Творческий вечер знаменитой оперной певицы Елены Образцовой состоялся в Большом театре. В программке, помимо двух верных друзей - Зураба Соткилавы и Маквалы Касрашвили, значилось также интригующее трио Игоря Бутмана, а еще Роман Виктюк, взявший на себя роль постановщика.
Сорок лет сценической деятельности Елена Образцова справляет в течение всего сезона, но не столь пышно как свой недавний юбилей. Вот и на этот раз в зале, заполненном, но не набитом, совсем не мелькали знаменитые лица политиков и звезд шоу-бизнеса, которые в последнее время отчего-то страстно полюбили оперу в варианте стареющего Паваротти и молодящегося Баскова.
Образцова, несмотря на годы, все еще звезда другого - более высокого - класса. Ей по силам быть честной с публикой, несмотря на все шероховатости и вокальные сбои. Конечно, подобные концерты можно было бы назвать своего рода охотой за призраками прошлого. Но в случае Образцовой - охотой, несомненно, удачной.
Пусть арии Любаши и Шарлотты из "Царской невесты" и "Вертера" в исполнении бенефициантки промелькнули незамеченными. Пусть знаменитая Графиня из "Пиковой", на этот раз не сидевшая в кресле, а исполнявшая трясущимися руками старинные па, не вызвала холодной и сладостной дрожи у публики. Зато Кармен была роскошной. Фирменный гортанный рык в "Хабанере" и "Сцене гадания" воскрешал в памяти образцовские триумфы в этой партии двадцатилетней давности. Особой стала и финальная сцена - Зураб Соткилава в роли доведенного до отчаяния Хозе, временами тоже звучал как в добрые старые времена, демонстрируя роскошный тембр своего тенора. Грузинский темперамент заставил Соткилаву метаться по сцене, все время выбирая между партнершей и дирижером - ведь эту партию он не пел много лет. Но даже его старомодные и забавные жесты не потушили эмоционального пожара, разгоревшегося между Кармен и Хозе.
В какой-то момент Образцова вдруг забыла про нелепые драпировки из "Раймонды" и розовый ковролин на полу, про беспомощных виктюковских мальчиков, неумело кривлявшихся телом и голосом, про поскрипывающий и побряцывающий оркестр под управлением Павла Клиничева. "Свободной родилась, свободной и умру". Точка. Ради одного этого момента и стоило придти в тот вечер в театр. А после можно было уходить.
Из всего, что было спето во втором отделении запомнилась лишь оффенбаховская Перикола с "Куплетами признания" и знаменитой "Сценой опьянения". Впрочем, и туалет - певица накинула белый меховой жакет, и огромную опереточную черную шляпу, и чувственное контральто больше подходили по стилю не бедной перуанской танцовщице, а штраусовской веселой вдове.

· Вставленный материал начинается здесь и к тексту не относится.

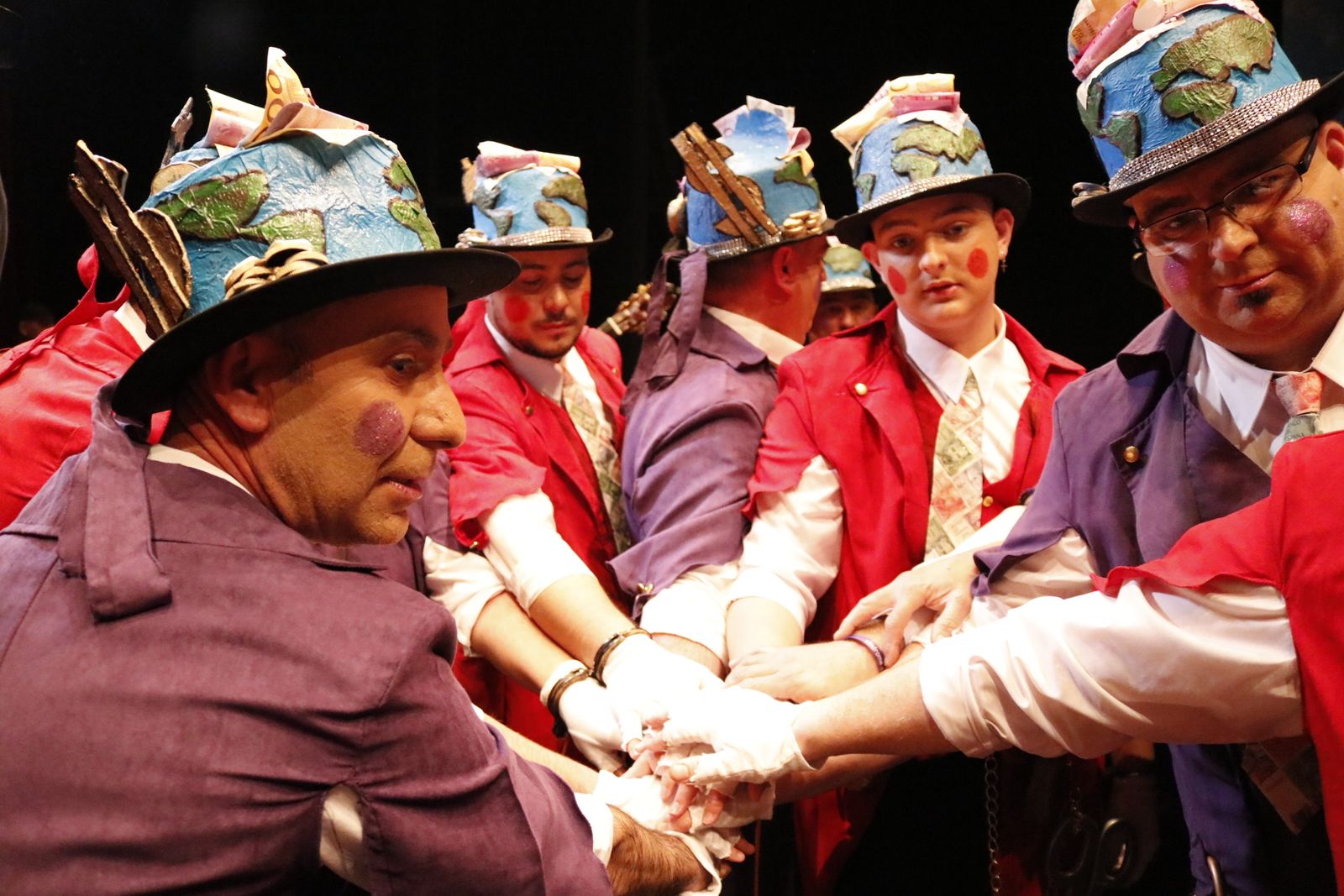Imágenes de la II Semifinal del Carnaval de la Concha Fina en La Línea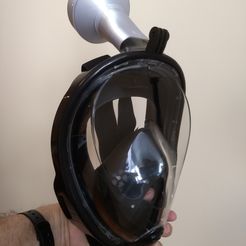 1- Decathlon.jpg Archivo STL gratis VMO DECATHLON ADAPTADOR DE MASCARILLA Y FILTRO FIT 3M - PROTECTOR 3D-IMPRESO - CORONAVIRUS COVID-19・Objeto de impresión 3D para descargar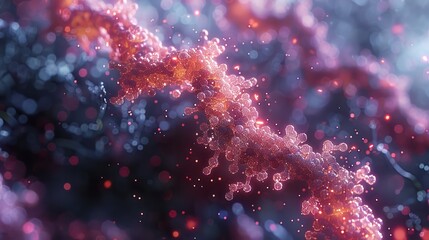 Representing protein synthesis in the body with scientific diagrams.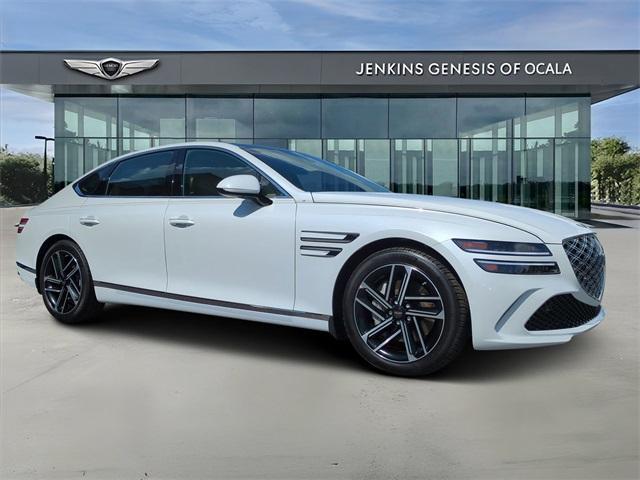 new 2025 Genesis G80 car, priced at $64,295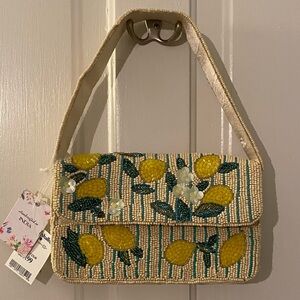 VIRAL LEMON STRIPED BRADED BAG 🍋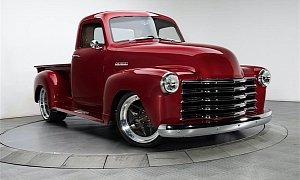 1952 Chevrolet 3100 Is a Muscle Pickup Truck with Camaro Genes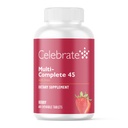 Celebrate Vitamins Multi-Complete Chewables, 45mg Iron - Daily Bariatric Multivitamin för Sleeve Gastrectomy och Gastric Bypass Surgery Patients - Essential Vitamins & Minerals - Berry (60 tabletter)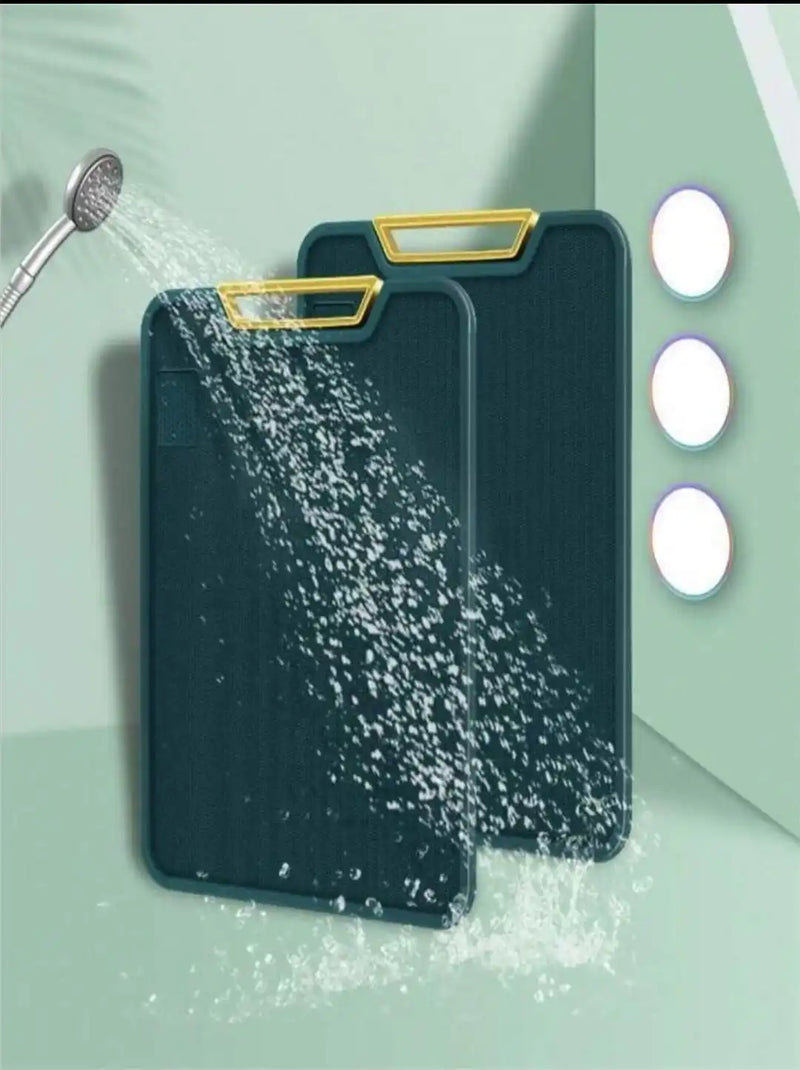 Tábua de Corte Antibacteriana Retangular com Alça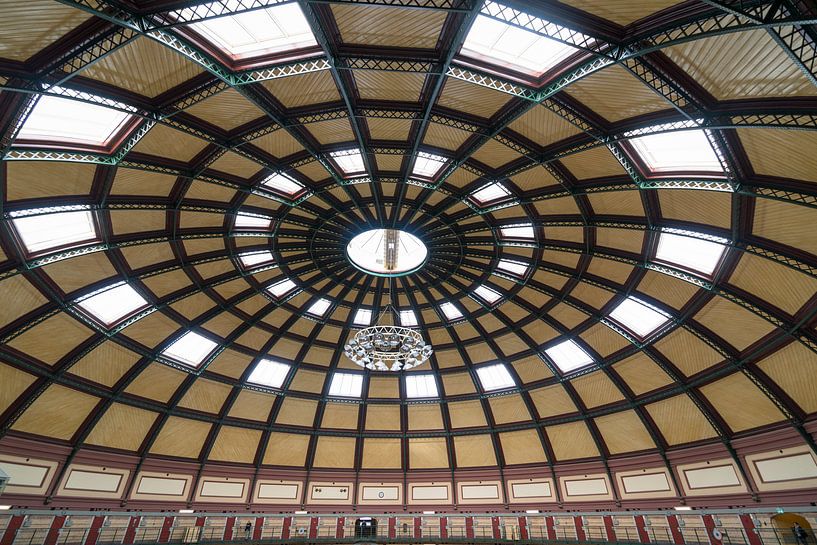 Interior design Arnhem prison, dome prison, cells, achitecture by Ger Beekes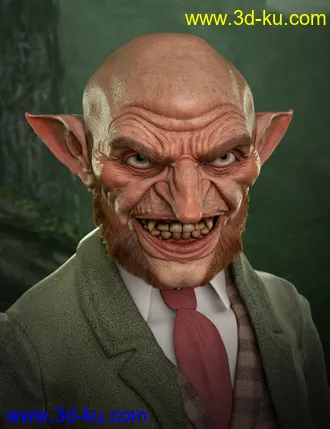 3D打印模型Evil Leprechaun HD for Genesis 8.1 Male的图片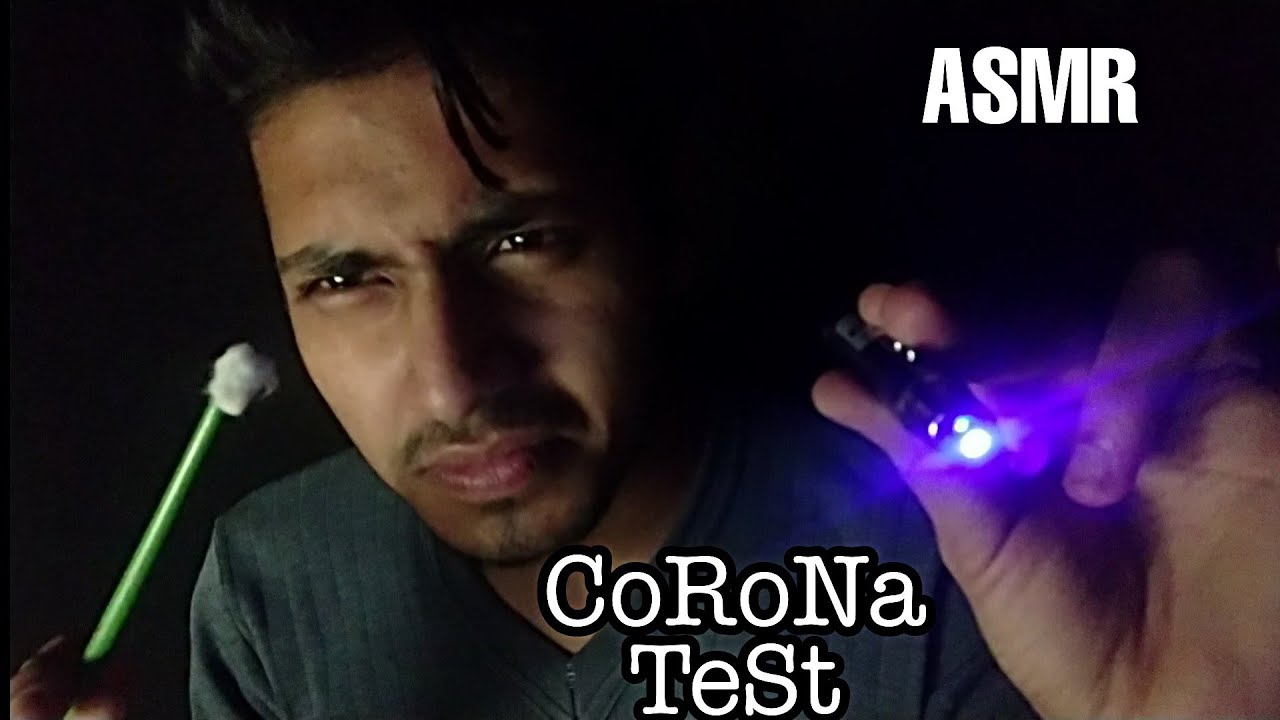 ASMR 1 MINUTE Cоrоna Virus Testing 🦠 (Writing, Hand Waving, Visual Triggers)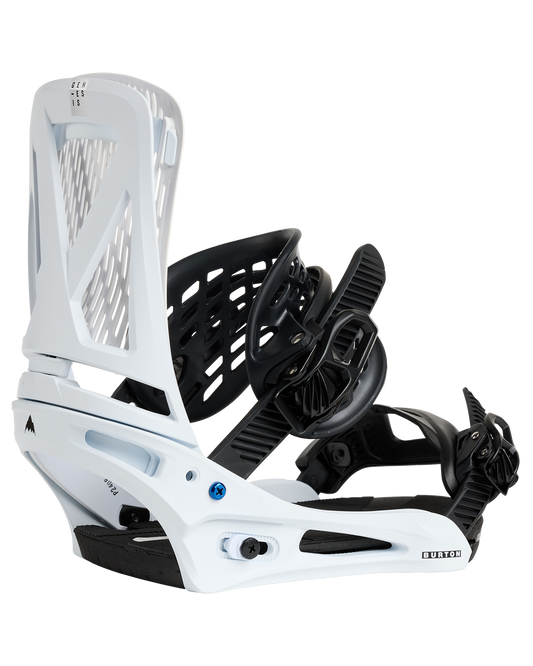 Burton Men's Genesis Re:Flex Snowboard Bindings - White Men's Snowboard Bindings - Trojan Wake Ski Snow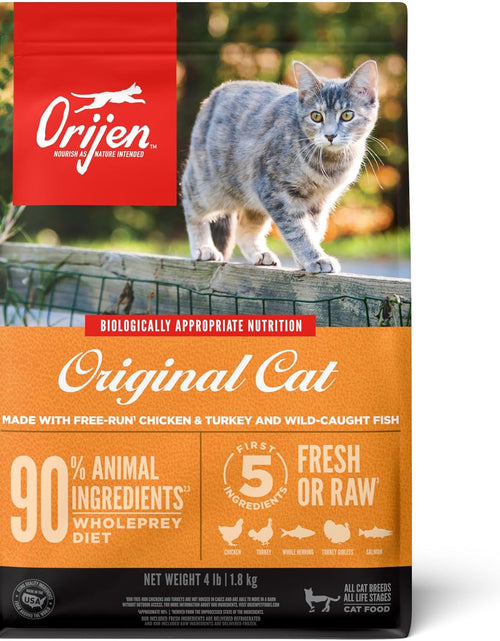Load image into Gallery viewer, ® Dry Original Cat Food Premium, High Protein, Fresh &amp; Raw Animal Ingredients, 4Lb
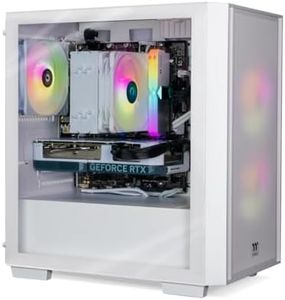 Thermaltake Computer System Genesis V4 PRO Snow - Intel 12400F / RTX 3050 / B760 WiFi / 16GB RGB RAM / H16 ARGB White, CA-4Y1-00D6WA-02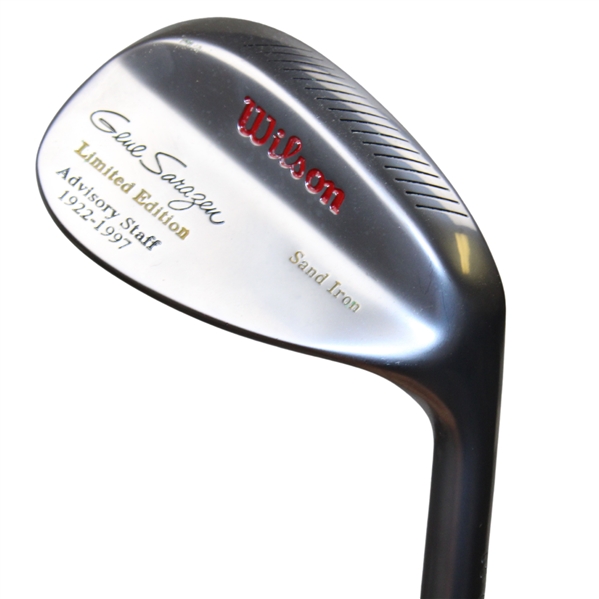 Gene Sarazen Ltd Ed Advisory Staff 1922-1997 Sand Iron - Issued to Gene #GS-001/300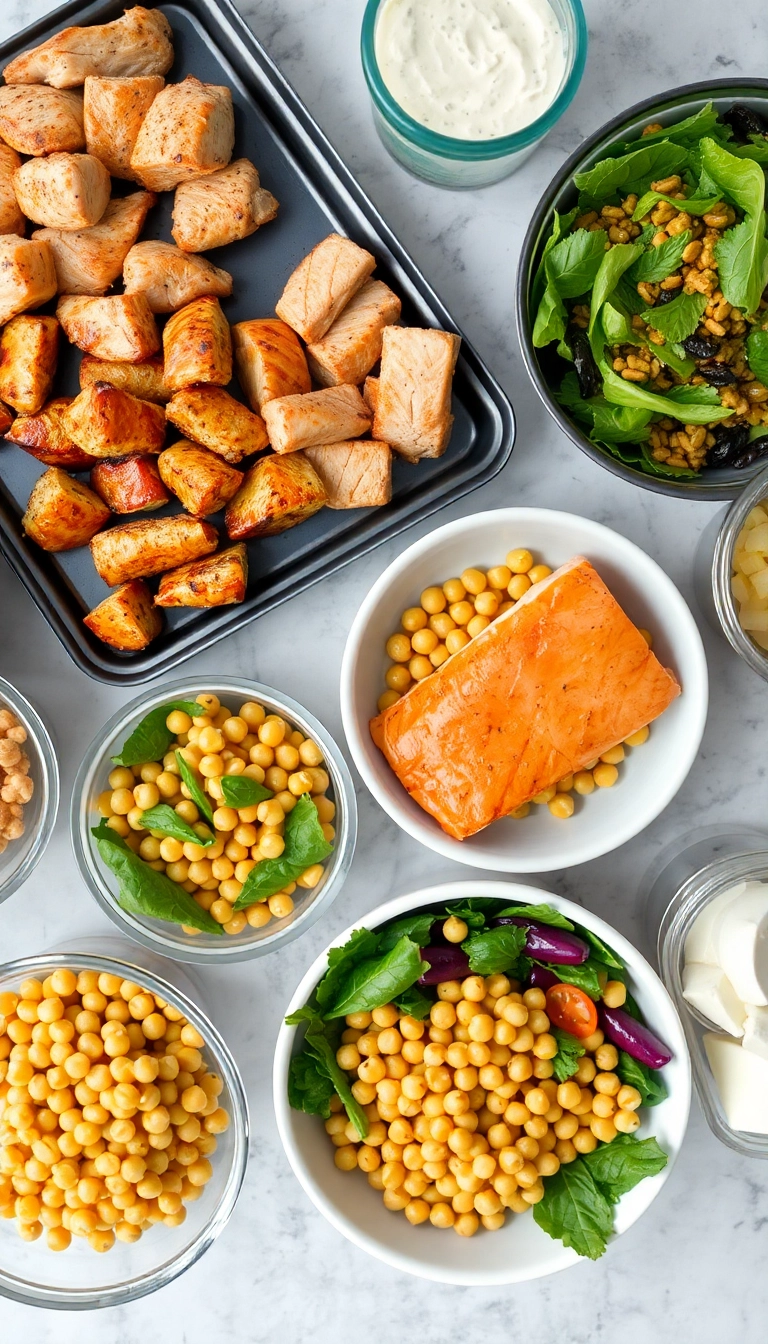 13 Meal Prep Tips That Will Make Healthy Eating a Breeze (You’ll Wish You Knew #4 Sooner!) - 9. Mix Up Your Proteins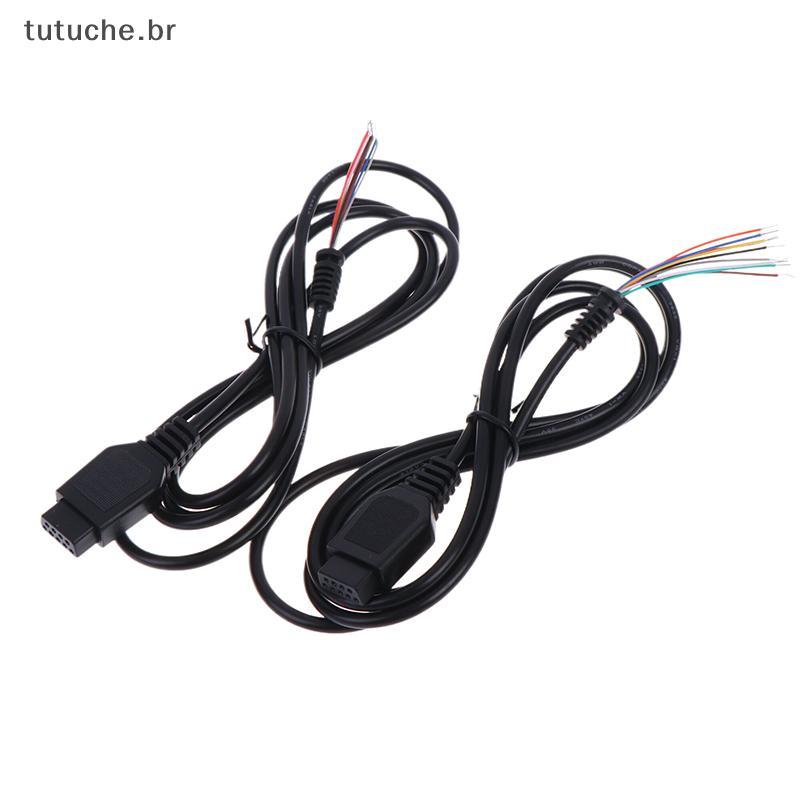 Cabo TU Para Genesis 2 MD 2 De Controle Mega Drive 2 Gamepad Controlador Estender 9Pin Game Console Fio BR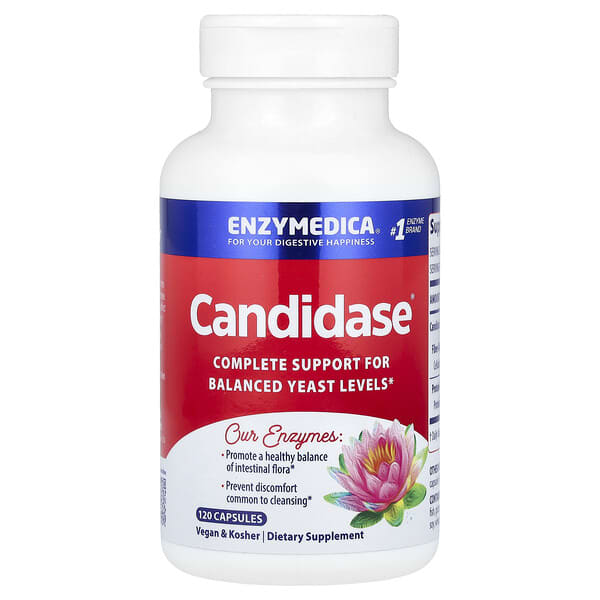Enzymedica, 假絲酵母,120 粒膠囊
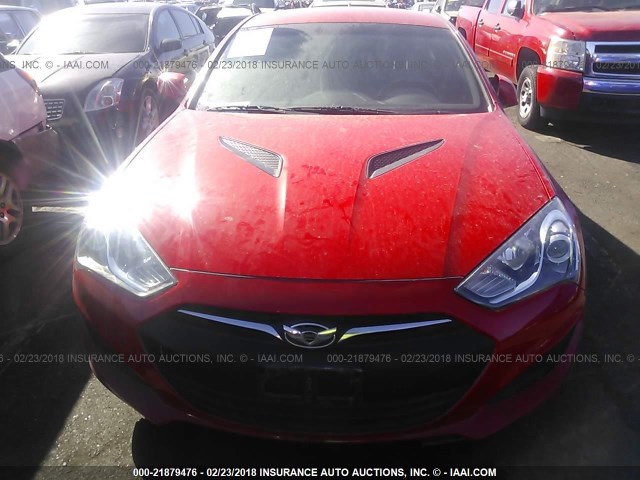 KMHHT6KD6DU088852 - 2013 HYUNDAI GENESIS COUPE 2.0T RED photo 6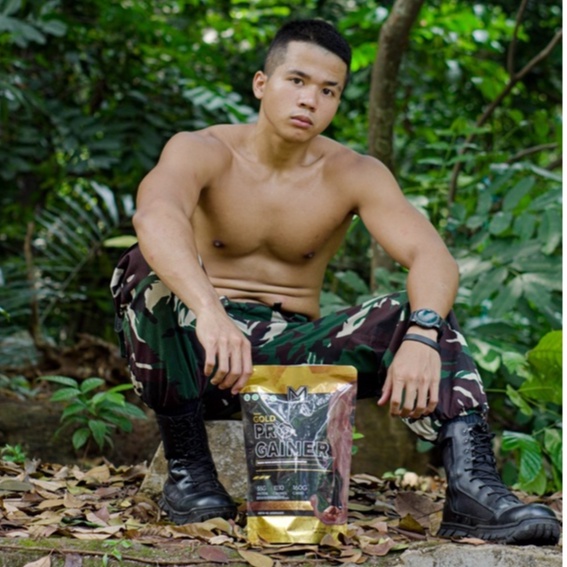 M1 Muscle First Gold Pro Mass Gainer 2 lbs 2lbs 900 gr Susu Protein Gym Bulking Penggemuk Penambah Berat Badan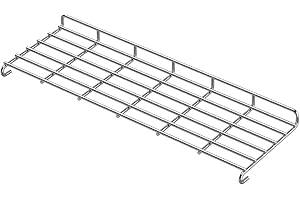 65,4 cm Edelstahl Warmhalterost für Weber Genesis II 300 Serie, 66044 Grill-Warmhalter für Genesis II E-310/E-315, II E-330/E-335, II S-310/S-335 Gasgrills, Grill-Ersatzteile Grillrost für Genesis II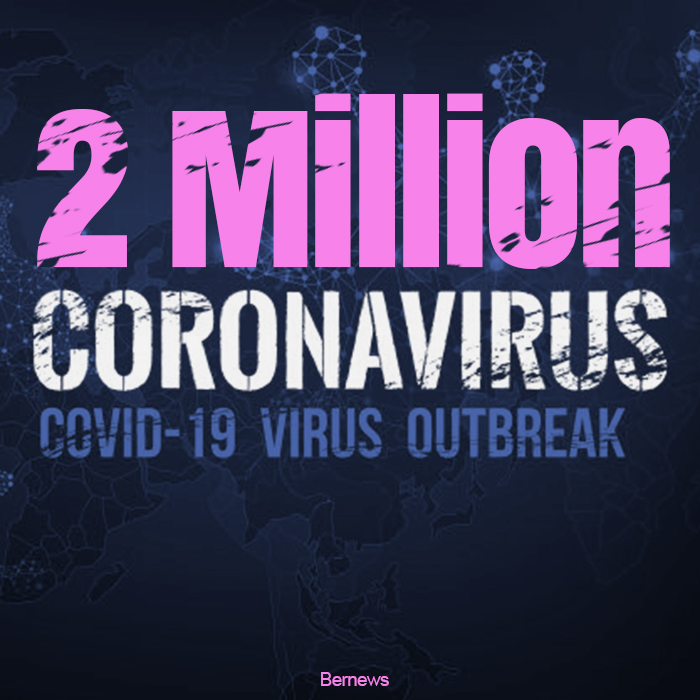 2 million coronavirus covid-19 outbreak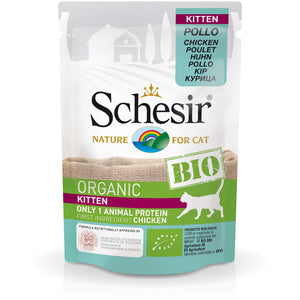 SCHESIR BIO KITTEN monoprotein piletina, 85g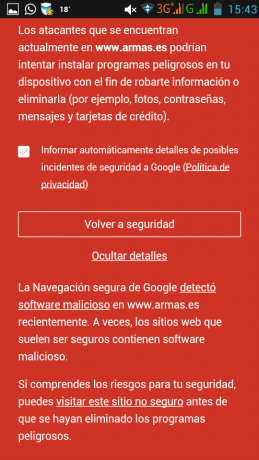 Hola,

Estamos con las mismas. Me vuelve a saltar el antivirus advirtiendome de que armas.es es una web 61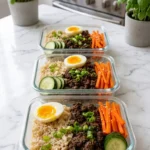 Healthy Korean Beef Rice Bowl (512 Cal, High Protein)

Не знаю, огорчаться или радоваться тому, что режиссура Виктюка оказалась столь невыразительной. Все, что делал Дмитрий Бозин и его чернокожий напарник, не означенный в программке, вызывало даже не смех, а ощущение жгучего стыда. Благо в паузах между ариями, когда случались эти конфузные приступы режиссуры, можно было отвлечься и закрыть глаза.
В финале на сцене появились музыканты из джазового трио Игоря Бутмана, а Елена Образцова присела на высокий барный табурет и, облокотившись на рояль, запела в микрофон знаменитые джазовые стандарты. Музы с живописного плафона от такой дерзости не падали, но и особых восторгов публика не выражала. Композиции с латинским привкусом боссановы или самбы у влюбленной в Испанию Образцовой выходили явно удачнее, нежели спетые на неуверенном английском стандарты вроде гершвиновского "The man, I love", где певица балансировала на грани цыганского романса. Эту вещь совсем недавно исполняла в Москве Джесси Норман, и у афроамериканской дивы, воспитанной на спиричуэлс и блюзе, разумеется, вышло аутентичнее. Пожалуй, не стоило ради этого джазового эксперимента лишать публику фирменных жгучих "бисов" вроде "Старого мужа" или знаменитых вайлевских танго.